### About this exercise
Using the records below, write out again exactly the lines that begin at the line containing "Perlmutt-Tasse" and end at the line containing "Men's Casual American", and no other lines.

[Provided data]

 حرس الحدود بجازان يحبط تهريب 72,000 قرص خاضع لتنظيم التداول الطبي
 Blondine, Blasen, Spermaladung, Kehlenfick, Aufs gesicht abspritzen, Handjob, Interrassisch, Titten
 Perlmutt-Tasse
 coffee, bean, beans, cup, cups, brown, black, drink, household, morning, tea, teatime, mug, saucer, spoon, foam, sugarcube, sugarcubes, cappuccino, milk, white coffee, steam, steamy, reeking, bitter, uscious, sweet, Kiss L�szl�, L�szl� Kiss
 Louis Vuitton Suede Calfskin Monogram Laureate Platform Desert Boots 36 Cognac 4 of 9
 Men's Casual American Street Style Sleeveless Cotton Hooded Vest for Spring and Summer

[/Provided data]
[Provided data]

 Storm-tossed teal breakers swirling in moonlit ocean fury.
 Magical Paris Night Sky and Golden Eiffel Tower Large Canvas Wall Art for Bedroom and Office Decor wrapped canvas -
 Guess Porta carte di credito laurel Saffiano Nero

[/Provided data]

### Output
 Perlmutt-Tasse
 coffee, bean, beans, cup, cups, brown, black, drink, household, morning, tea, teatime, mug, saucer, spoon, foam, sugarcube, sugarcubes, cappuccino, milk, white coffee, steam, steamy, reeking, bitter, uscious, sweet, Kiss L�szl�, L�szl� Kiss
 Louis Vuitton Suede Calfskin Monogram Laureate Platform Desert Boots 36 Cognac 4 of 9
 Men's Casual American Street Style Sleeveless Cotton Hooded Vest for Spring and Summer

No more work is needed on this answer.